What needs to be done
Your output should be the lines of the data that follow, reproduced exactly from the first through the line bearing "Elegant Christmas Winter".

Data entries
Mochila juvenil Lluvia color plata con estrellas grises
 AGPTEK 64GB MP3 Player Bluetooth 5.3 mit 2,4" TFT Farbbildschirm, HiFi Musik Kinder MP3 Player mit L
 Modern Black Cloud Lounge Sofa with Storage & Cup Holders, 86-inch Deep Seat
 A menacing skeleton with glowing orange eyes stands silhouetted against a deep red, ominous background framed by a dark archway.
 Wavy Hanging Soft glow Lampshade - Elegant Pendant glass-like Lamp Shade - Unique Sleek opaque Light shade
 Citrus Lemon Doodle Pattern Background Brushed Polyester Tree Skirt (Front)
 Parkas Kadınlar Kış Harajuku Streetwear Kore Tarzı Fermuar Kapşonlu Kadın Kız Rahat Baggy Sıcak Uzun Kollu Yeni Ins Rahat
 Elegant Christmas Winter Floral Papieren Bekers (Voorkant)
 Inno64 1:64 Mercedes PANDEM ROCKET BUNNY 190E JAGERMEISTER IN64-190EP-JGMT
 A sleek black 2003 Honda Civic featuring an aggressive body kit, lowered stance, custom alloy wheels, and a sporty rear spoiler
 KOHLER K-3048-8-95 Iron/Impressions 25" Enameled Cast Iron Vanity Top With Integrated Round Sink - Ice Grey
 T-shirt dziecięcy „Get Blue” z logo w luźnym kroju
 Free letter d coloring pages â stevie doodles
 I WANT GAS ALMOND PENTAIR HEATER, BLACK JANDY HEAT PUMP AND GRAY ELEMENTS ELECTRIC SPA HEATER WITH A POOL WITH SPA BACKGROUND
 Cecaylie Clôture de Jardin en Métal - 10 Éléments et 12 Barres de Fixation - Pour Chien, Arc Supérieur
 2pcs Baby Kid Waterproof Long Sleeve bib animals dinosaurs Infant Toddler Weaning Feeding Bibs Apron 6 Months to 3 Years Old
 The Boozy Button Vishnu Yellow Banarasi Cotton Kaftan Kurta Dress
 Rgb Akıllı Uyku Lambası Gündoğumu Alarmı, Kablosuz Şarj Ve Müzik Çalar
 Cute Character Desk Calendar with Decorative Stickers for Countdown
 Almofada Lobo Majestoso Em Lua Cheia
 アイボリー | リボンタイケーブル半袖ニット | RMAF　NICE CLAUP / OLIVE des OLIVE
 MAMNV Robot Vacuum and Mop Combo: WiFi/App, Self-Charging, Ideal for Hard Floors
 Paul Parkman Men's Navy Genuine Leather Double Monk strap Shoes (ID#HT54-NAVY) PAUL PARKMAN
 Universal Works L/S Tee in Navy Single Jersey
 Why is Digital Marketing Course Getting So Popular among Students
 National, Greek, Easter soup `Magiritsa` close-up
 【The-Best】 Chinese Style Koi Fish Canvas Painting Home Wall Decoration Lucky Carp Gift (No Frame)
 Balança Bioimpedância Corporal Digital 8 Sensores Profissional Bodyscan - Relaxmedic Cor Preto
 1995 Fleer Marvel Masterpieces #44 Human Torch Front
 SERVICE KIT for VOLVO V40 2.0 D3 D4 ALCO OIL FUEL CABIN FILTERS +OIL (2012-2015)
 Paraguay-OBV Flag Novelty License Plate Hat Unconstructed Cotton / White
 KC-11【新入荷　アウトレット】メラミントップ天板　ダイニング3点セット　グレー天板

Exercise output
Mochila juvenil Lluvia color plata con estrellas grises
 AGPTEK 64GB MP3 Player Bluetooth 5.3 mit 2,4" TFT Farbbildschirm, HiFi Musik Kinder MP3 Player mit L
 Modern Black Cloud Lounge Sofa with Storage & Cup Holders, 86-inch Deep Seat
 A menacing skeleton with glowing orange eyes stands silhouetted against a deep red, ominous background framed by a dark archway.
 Wavy Hanging Soft glow Lampshade - Elegant Pendant glass-like Lamp Shade - Unique Sleek opaque Light shade
 Citrus Lemon Doodle Pattern Background Brushed Polyester Tree Skirt (Front)
 Parkas Kadınlar Kış Harajuku Streetwear Kore Tarzı Fermuar Kapşonlu Kadın Kız Rahat Baggy Sıcak Uzun Kollu Yeni Ins Rahat
 Elegant Christmas Winter Floral Papieren Bekers (Voorkant)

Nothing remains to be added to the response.